Gandhian social ethics, which was the interdisciplinary focus of my Master of Arts in Liberal Studies (2014-2019). My research included a critical deconstruction of the underpinnings of the European Enlightenment and (neo)liberal political philosophy utilizing the framework of Jīva Gosvāmī’s Bhedābheda Vedānta philosophy.

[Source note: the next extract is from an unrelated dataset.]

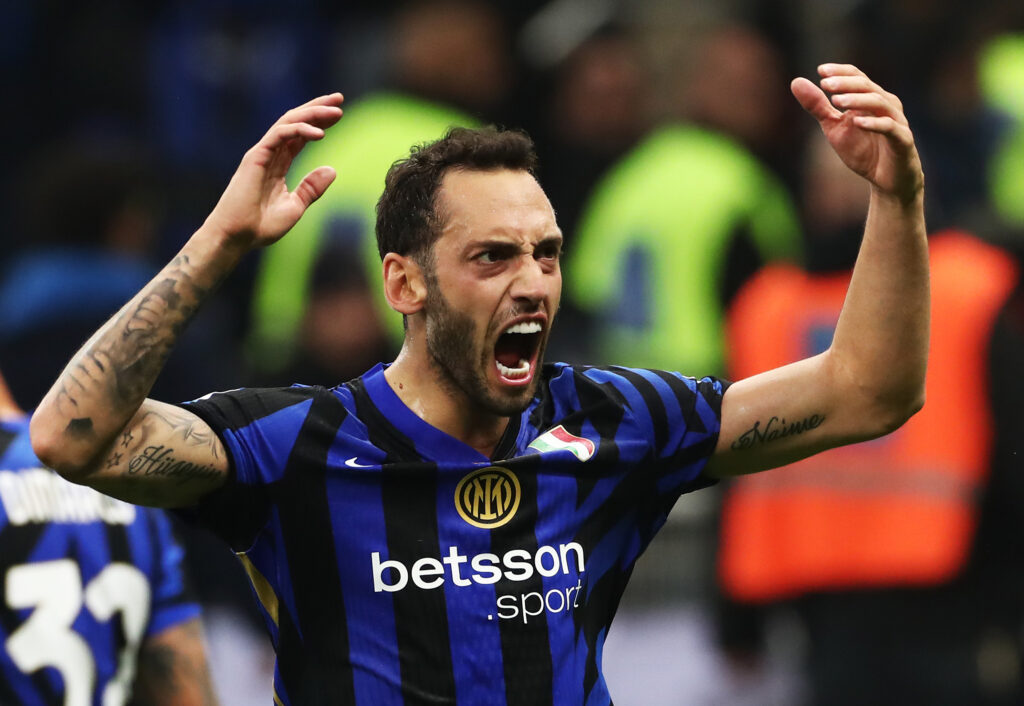 Inter, Calhanoglu rivela: "In estate mi voleva il Bayern, ma voglio rimanere all'Inter"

I concluded with a Gandhian perspective on nonviolent, collaborative social arrangements.2

1"Jīva assembles a theological mosaic that is largely constructed out of pre-existing 'pieces' from other traditions, and therefore I characterize his project as one of 'mosaic theology' or 'bricolage theology.'" Haas, Simon M. "Jīva Gosvāmī’s Theological Bricolage: Constructing Caitanya Vaiṣṇava Theology Out of the Religious 'Other'", Journal of Vaishnava Studies, Volume 33, No. 1, Fall 2024. pp. 181-201.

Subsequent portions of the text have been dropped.